▶ _Dataset excerpts_:
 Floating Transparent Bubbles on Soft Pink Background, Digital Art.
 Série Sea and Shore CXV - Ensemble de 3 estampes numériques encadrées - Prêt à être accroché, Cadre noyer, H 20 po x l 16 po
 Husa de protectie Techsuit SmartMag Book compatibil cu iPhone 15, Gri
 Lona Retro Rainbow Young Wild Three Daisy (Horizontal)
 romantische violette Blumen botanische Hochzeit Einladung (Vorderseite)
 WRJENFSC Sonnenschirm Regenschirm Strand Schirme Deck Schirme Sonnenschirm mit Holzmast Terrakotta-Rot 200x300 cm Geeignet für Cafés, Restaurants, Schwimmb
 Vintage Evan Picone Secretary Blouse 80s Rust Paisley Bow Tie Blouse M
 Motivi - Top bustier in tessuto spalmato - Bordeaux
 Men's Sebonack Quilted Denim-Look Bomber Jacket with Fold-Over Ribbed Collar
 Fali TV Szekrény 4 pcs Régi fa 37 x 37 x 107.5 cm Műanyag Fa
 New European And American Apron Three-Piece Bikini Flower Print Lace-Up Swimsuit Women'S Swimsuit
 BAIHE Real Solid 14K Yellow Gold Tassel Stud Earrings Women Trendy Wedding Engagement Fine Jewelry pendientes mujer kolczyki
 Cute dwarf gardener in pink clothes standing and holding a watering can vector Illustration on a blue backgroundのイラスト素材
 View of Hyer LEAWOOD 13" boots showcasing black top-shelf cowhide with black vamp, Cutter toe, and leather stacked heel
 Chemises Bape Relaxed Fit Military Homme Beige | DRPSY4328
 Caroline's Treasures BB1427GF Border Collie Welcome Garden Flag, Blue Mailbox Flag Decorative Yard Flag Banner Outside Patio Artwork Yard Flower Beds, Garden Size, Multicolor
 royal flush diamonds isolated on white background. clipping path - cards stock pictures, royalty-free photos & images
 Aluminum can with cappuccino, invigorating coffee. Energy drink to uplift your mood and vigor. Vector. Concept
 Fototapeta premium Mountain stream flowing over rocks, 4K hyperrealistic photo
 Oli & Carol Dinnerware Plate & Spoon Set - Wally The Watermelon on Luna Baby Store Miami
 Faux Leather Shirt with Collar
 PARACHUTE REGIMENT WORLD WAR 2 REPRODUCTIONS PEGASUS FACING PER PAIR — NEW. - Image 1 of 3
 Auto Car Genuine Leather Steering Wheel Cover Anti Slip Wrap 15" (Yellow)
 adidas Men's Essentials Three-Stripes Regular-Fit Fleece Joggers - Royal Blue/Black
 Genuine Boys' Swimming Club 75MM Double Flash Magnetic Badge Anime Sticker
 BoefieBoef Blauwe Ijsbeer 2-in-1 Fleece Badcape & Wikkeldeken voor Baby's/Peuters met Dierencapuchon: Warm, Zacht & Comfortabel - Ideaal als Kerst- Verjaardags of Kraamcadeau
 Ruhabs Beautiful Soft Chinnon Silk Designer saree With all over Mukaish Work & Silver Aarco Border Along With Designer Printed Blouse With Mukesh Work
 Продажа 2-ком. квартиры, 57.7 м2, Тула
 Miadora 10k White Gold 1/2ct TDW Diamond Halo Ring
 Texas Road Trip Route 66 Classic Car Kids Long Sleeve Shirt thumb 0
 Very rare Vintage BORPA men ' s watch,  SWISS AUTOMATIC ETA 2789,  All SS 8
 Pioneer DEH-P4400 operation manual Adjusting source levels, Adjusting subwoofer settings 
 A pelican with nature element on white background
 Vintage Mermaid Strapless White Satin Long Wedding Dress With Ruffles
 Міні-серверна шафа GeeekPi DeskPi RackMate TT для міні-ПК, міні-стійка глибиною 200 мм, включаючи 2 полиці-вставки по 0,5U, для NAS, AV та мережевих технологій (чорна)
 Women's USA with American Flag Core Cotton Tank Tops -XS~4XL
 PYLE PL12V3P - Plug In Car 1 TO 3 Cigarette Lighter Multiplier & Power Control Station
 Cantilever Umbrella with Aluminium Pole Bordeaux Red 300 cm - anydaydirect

▶ _What to work on_:
Only lines that contain "Flower" are needed, so copy each of them from the data.

▶ _Task solution_:
 New European And American Apron Three-Piece Bikini Flower Print Lace-Up Swimsuit Women'S Swimsuit
 Caroline's Treasures BB1427GF Border Collie Welcome Garden Flag, Blue Mailbox Flag Decorative Yard Flag Banner Outside Patio Artwork Yard Flower Beds, Garden Size, Multicolor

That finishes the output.